The student had come back to get his master’s in music education.
“We were at the college at the same time and that was a little awkward for me,” said McBride. “Naturally it was awkward for both of us that I was now grading papers of his and such.”
There have been a few other occasions that the youthful music education instructor had to survive. McBride is currently in his second year of teaching full-time, so not all students have had him for class.
“I have been mistaken for being a student at Westminster,” he said. “I was once in the Commons eating lunch. One student, who I guess was pretty new, sat down at the table with me because our Commons gets very packed.”
The young looking McBride started a casual conversation with him.
“So I said to him, ‘What’s your major?’” said McBride. “He said he was a music composition major and then said, ‘What’s your major?’”
Although he doesn’t dwell on being the youngest, some other faculty members can’t help but notice.
“Nobody calls me rookie or anything like that, but every now and then somebody will say ‘here comes little Nick McBride,’” he said.
There aren’t any ongoing jokes, but some people will pick on McBride casually sometimes. Once a secretary pinched McBride’s cheek and said, “Oh, what a babyface.”
Despite these instances, “his age has never been an issue,” said Abrahams.
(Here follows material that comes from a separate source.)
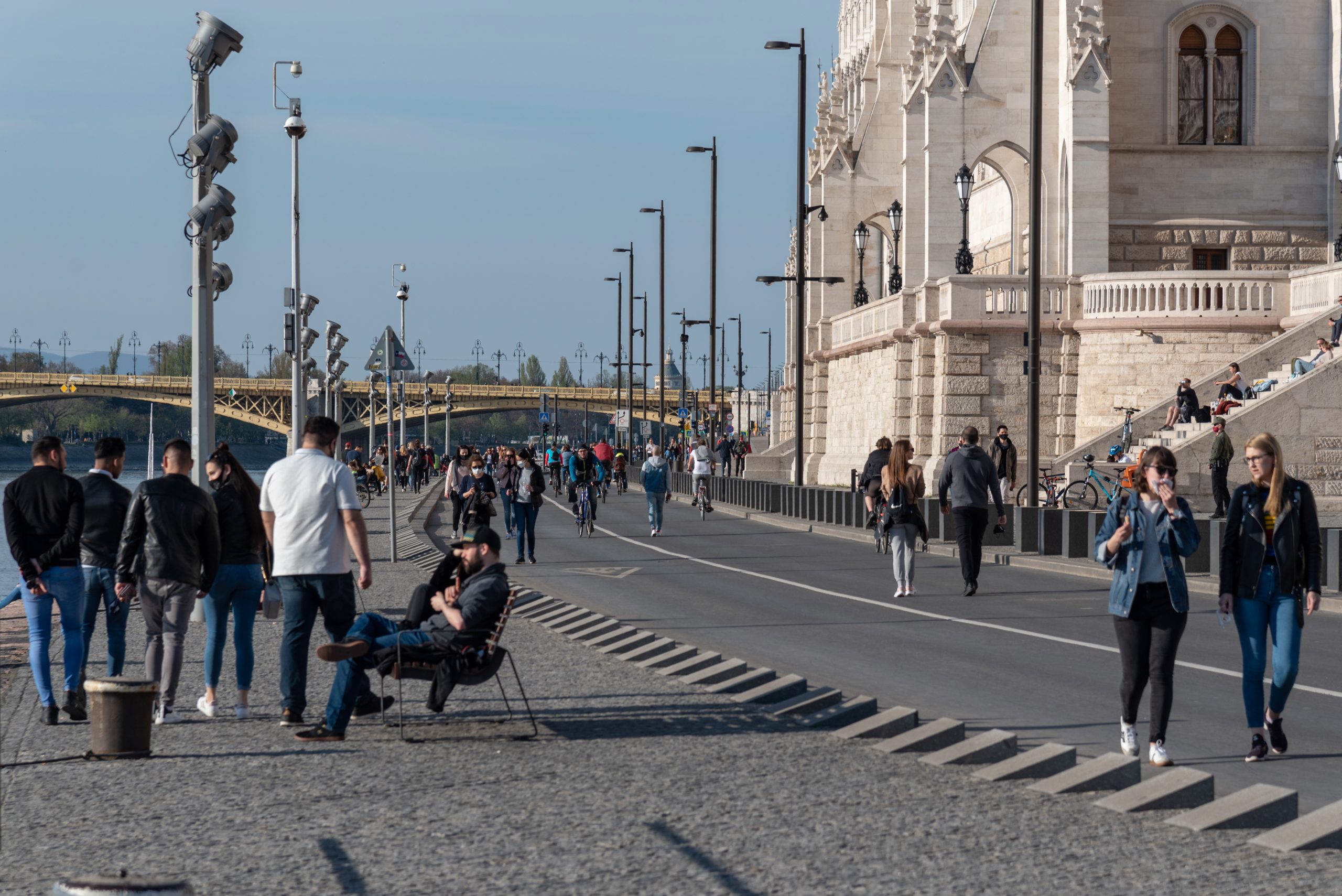 Budapest Danube Embankment Revamp to Start Next Week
However, while supervising a student teacher at a public school he encountered a teacher who doubted his credibility.
“I walked up to introduce myself and said, ‘I’m her supervisor from Westminster,” McBride said. “She immediately without saying anything [else] said, ‘How old are you.’ She asked me my age, which is an inappropriate question to ask someone you don’t know. Then she asked me where I had taught, how long have I taught, what my credentials were and it was awkward.”
Dr. Patrick Schmidt, a colleague of McBride’s, remembers him as a student.
“I think Nick was more complex than ‘the smart one’ or ‘the quiet one,’” Schmidt said. “He was an interested student and very easy to work with.”
McBride’s history is what made his former offer him the WCC job.
“In higher education we get to think how these relationships will develop with students,” said Schmidt.
After one year, McBride was persuaded to become a full-time professor. It was decided after two additional years, he would leave at the end of this semester to work on a graduate degree.
Despite his short tenure at WCC and his age, McBride has passed along a wealth of knowledge equal to that of a more experienced professor. Abrahams believes his colleagues’ teaching methods, intelligence and a good grasp hides his youth.
“If you were to poll the students and ask them how old he is, they would tell you he’s a lot older than he is,” he said.